ARIA will be unavailable on the morning of Tuesday 29th April 2025 due to scheduled maintenance. Please plan work accordingly.

Instruct-ERIC Events

Machine Learning for Complex Datasets with ChatGPT

Training
Registration Date: 01-Apr-2025 to 30-Apr-2025
Date: 30-Apr-2025

This one-day workshop, led by Nikolay Oskolkov from Lund University, provides a comprehensive introduction to machine learning techniques in data analysis, focusing on both theoretical knowledge and practical coding skills in R and Python while using ChatGPT as a research assistant for coding and interpreting results. Participants will learn to implement from scratch and optimize algorithms such as neural networks, random forest, k-means clustering, Gaussian Mixture Model (GMM), and Markov Chain Monte Carlo (MCMC), making it an essential resource for advancing research in statistics and data science.
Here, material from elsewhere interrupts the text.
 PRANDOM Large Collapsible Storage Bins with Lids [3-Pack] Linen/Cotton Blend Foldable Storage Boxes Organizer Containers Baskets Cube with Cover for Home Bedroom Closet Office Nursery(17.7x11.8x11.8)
Machine learning has become an indispensable tool in the field of computational data analysis, offering powerful techniques to analyze and interpret complex data. As the volume of data continues to grow exponentially, the ability to apply machine learning algorithms effectively is crucial for advancing research across the biological, environmental, health, and social sciences — as well as statistics and engineering. Nikolay Oskolkov from Molecular Biosciences, Lund University, brings his extensive expertise to this one-day workshop, showing how to use AI tools like ChatGPT alongside R and Python for advanced data analysis, thereby equipping participants with both theoretical knowledge and practical skills in this cutting-edge area.
This workshop is particularly valuable for PhD students, academics, and professional researchers who are looking to enhance their analytical capabilities using machine learning. By focusing on practical applications in R and Python with coding and interpretation assistance from ChatGPT, participants will not only learn the theoretical underpinnings of various machine learning algorithms but also gain hands-on experience in coding these algorithms from scratch in extremely intuitive ways. This dual approach ensures that attendees can immediately apply what they learn to their own research projects, making the workshop an essential investment for anyone involved in computational data analysis.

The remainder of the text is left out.